Directions
Set down exactly the lines in the records below that run from the line with "Stitched 3 Piece Printed Cottle Suit" to the line with "Round Compartments Bagasse plate", inclusive, and nothing more.
################
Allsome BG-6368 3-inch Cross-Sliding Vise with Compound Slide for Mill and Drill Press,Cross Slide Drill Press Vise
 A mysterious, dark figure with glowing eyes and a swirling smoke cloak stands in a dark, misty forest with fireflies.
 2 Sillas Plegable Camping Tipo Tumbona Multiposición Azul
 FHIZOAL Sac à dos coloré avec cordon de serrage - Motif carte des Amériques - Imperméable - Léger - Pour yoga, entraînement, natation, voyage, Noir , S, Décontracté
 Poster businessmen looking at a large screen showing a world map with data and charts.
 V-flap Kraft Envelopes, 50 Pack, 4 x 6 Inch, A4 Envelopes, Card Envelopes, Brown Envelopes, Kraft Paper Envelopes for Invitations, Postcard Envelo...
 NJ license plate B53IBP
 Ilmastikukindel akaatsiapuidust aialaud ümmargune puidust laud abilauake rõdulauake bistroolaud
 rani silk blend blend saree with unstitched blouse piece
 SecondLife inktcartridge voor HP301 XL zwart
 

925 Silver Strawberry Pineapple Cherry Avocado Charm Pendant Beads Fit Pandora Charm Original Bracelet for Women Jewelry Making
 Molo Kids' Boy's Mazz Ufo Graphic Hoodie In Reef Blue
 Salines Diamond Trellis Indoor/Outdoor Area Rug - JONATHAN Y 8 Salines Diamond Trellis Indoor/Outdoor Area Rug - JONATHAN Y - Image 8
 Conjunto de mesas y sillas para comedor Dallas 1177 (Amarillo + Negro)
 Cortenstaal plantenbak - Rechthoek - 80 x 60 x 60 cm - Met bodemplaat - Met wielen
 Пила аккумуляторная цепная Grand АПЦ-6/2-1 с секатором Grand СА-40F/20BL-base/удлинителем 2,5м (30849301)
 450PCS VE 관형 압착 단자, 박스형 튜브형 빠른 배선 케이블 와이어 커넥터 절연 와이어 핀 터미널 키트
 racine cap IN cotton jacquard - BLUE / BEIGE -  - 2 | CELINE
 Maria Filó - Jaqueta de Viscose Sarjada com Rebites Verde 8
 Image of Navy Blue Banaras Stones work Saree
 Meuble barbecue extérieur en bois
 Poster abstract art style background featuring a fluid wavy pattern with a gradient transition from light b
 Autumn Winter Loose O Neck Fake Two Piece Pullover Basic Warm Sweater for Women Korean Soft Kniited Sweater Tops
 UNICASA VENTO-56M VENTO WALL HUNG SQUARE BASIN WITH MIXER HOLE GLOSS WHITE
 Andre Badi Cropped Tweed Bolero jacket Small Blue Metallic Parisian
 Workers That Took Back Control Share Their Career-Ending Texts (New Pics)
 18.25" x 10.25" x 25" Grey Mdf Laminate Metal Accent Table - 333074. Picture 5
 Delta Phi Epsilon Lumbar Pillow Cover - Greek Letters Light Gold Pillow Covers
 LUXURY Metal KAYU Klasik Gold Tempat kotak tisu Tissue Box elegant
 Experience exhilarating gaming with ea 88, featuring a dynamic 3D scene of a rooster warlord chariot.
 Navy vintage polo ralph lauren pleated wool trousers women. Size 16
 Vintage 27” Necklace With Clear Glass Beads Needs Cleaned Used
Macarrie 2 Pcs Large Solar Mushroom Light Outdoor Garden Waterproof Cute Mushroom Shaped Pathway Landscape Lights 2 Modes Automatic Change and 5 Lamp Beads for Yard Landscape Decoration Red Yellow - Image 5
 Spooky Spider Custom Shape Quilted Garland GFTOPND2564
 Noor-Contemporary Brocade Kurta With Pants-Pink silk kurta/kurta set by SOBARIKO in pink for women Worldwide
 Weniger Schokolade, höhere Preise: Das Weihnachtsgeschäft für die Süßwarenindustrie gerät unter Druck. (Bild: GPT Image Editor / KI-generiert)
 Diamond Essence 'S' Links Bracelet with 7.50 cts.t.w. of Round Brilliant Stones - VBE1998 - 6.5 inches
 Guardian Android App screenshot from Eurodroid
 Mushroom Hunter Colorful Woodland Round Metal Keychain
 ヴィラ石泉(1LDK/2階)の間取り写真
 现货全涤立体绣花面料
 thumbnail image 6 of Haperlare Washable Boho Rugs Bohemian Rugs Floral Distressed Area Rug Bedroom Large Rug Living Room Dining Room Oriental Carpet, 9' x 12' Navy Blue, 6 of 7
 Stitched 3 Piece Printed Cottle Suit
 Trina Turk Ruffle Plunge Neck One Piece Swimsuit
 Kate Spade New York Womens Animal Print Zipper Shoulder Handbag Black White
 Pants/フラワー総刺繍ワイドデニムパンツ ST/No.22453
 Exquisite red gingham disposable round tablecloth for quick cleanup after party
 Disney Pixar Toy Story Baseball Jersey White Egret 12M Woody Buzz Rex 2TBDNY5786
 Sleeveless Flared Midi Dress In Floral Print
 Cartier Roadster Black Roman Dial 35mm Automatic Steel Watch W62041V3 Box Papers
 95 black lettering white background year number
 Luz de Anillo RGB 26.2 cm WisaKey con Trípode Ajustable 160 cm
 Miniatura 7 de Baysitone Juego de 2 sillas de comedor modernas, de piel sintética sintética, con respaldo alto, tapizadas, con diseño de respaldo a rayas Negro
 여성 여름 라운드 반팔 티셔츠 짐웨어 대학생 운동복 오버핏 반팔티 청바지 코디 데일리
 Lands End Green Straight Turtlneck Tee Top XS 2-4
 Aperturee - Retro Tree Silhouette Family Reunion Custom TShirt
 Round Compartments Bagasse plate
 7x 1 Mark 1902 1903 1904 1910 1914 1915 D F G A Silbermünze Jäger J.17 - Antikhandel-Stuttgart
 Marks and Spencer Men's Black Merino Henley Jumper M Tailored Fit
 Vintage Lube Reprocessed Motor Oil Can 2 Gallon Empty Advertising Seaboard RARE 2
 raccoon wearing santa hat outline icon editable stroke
################
Answer section
 Stitched 3 Piece Printed Cottle Suit
 Trina Turk Ruffle Plunge Neck One Piece Swimsuit
 Kate Spade New York Womens Animal Print Zipper Shoulder Handbag Black White
 Pants/フラワー総刺繍ワイドデニムパンツ ST/No.22453
 Exquisite red gingham disposable round tablecloth for quick cleanup after party
 Disney Pixar Toy Story Baseball Jersey White Egret 12M Woody Buzz Rex 2TBDNY5786
 Sleeveless Flared Midi Dress In Floral Print
 Cartier Roadster Black Roman Dial 35mm Automatic Steel Watch W62041V3 Box Papers
 95 black lettering white background year number
 Luz de Anillo RGB 26.2 cm WisaKey con Trípode Ajustable 160 cm
 Miniatura 7 de Baysitone Juego de 2 sillas de comedor modernas, de piel sintética sintética, con respaldo alto, tapizadas, con diseño de respaldo a rayas Negro
 여성 여름 라운드 반팔 티셔츠 짐웨어 대학생 운동복 오버핏 반팔티 청바지 코디 데일리
 Lands End Green Straight Turtlneck Tee Top XS 2-4
 Aperturee - Retro Tree Silhouette Family Reunion Custom TShirt
 Round Compartments Bagasse plate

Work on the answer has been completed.